Proposition 41.3 is a beautiful connection with a simple interpretation. If \(X\) and \(Y\) represent “times” spent doing two activities (e.g., doing homework and studying for exams), then \(\frac{X}{X + Y}\) represents the fraction of time in the first activity. If we model \(X\) and \(Y\) as independent gamma random variables, then Proposition 41.3 says that \(\frac{X}{X + Y}\) will be beta and, moreover, will be independent of \(X + Y\), the total time spent doing both activities.
Proposition 41.3 also allows for a charming alternative derivation of the expectation of the beta distribution.
Example 41.2 (Another proof of the beta expectation) Let \(T\) be \(\text{Beta}(\alpha, \beta)\). Then, by Proposition 41.3, we can write \[ T = \frac{X}{X + Y}, \] where \(X\) and \(Y\) are independent \(\text{Gamma}(\alpha, \lambda)\) and \(\text{Gamma}(\beta, \lambda)\), respectively.
Moreover, \(T\) is independent of \(S = X + Y\), so by Theorem 24.3, \[\begin{align}
\text{E}\!\left[ TS \right] &= \text{E}\!\left[ T \right] \text{E}\!\left[ S \right] \\
\text{E}\!\left[ X \right] &= \text{E}\!\left[ T \right] \text{E}\!\left[ X + Y \right],
\end{align}\] and \[ \text{E}\!\left[ T \right] = \frac{\text{E}\!\left[ X \right]}{\text{E}\!\left[ X + Y \right]}. \]
Since \(X\) and \(Y\) are both gamma random variables, we know their expectations by Proposition 35.2, so \[ \text{E}\!\left[ T \right] = \frac{\frac{\alpha}{\lambda}}{\frac{\alpha+\beta}{\lambda}} = \frac{\alpha}{\alpha + \beta}. \]
41.4 Exercises
Exercise 41.1 Suppose \(U \sim \textrm{Uniform}(a= 0, b= 1)\).

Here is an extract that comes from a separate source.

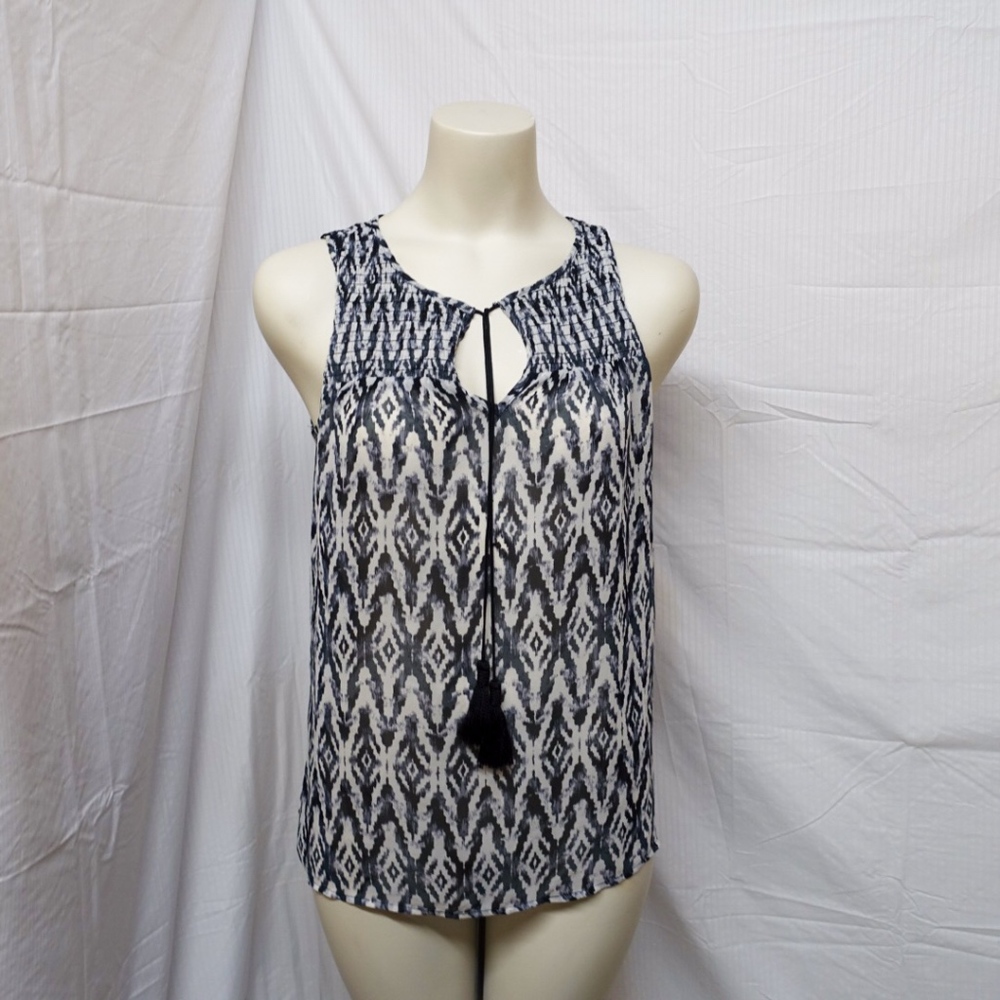 Black & White Iz Byer Sleeveless Blouse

Show that \(X = U^k\) is a Beta distribution for \(k > 0\).
Exercise 41.2 Let \(X \sim \text{Beta}(\alpha,\beta)\). Show that the \(k\)th moment of \(X\) is \[
\text{E}\!\left[ X^k \right] = \frac{\Gamma(\alpha+\beta)}{\Gamma(\alpha+\beta+k)} \cdot \frac{\Gamma(\alpha+k)}{\Gamma(\alpha)}.
\]
Exercise 41.3 Let \(U_1, \dots, U_n\) be i.i.d. \(\textrm{Uniform}(a= 0, b= 1)\). For a fixed integer \(1 \leq k \leq n\), show that the density of \(n U_{(k)}\) converges as \(n \to \infty\). Identify the limiting function.
Exercise 41.4 Suppose you have a coin minting machine, which generates a coin with heads probability \(p\), where \(p\) is chosen uniformly between \(0\) and \(1\). Suppose you mint a coin and toss it \(m+n\) times. What is the conditional distribution of \(p\) given that there were \(n\) heads?

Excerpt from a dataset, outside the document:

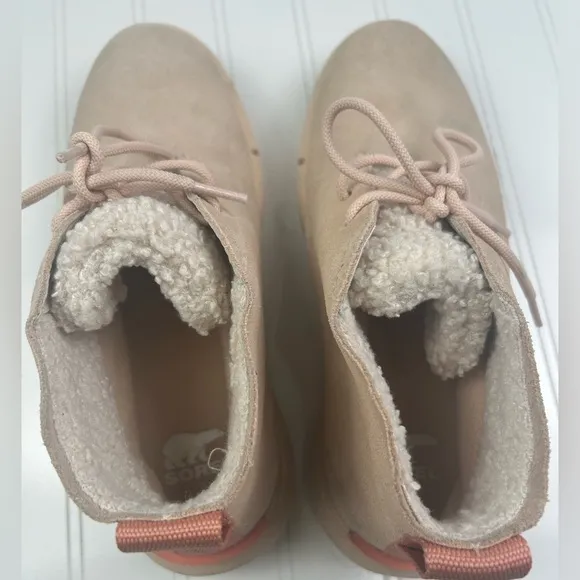 Sorel Women’s Light Pink Boots Size 8.5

Exercise 41.5 (Generalizing the gamma-beta connection) Suppose that \(X_1, \dots, X_n\) are independent \(\text{Gamma}(\alpha_i, \lambda)\) random variables. Determine the distribution of \(\displaystyle \frac{X_1}{X_1 + \dots + X_n}\), and show that it is independent of \(X_1 + \dots + X_n\).

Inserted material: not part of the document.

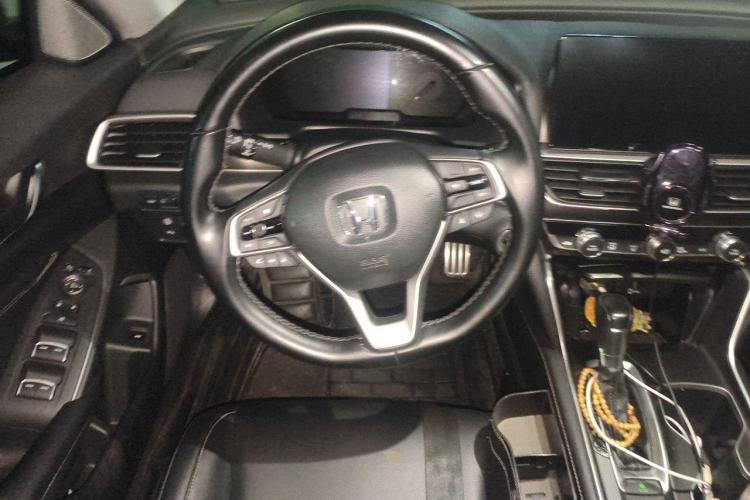 Used Honda Accord 2022 260TURBO Phantom Night · Prestige Edition Steering Wheel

Hint: You should be able to do this with minimal calculation if you use the result of Proposition 41.3 and properties of the gamma distribution.
Exercise 41.6 (Another proof of beta variance) Let \(X\) and \(Y\) be independent \(\text{Gamma}(\alpha, \lambda)\) and \(\text{Gamma}(\beta, \lambda)\) random variables.
Argue that \[
\text{E}\!\left[ \frac{X^c}{(X + Y)^c} \right] = \frac{\text{E}\!\left[ X^c \right]}{\text{E}\!\left[ (X + Y)^c \right]}
\] for all real numbers \(c\).
Use this fact to rederive the variance of the \(\text{Beta}(\alpha, \beta)\) distribution.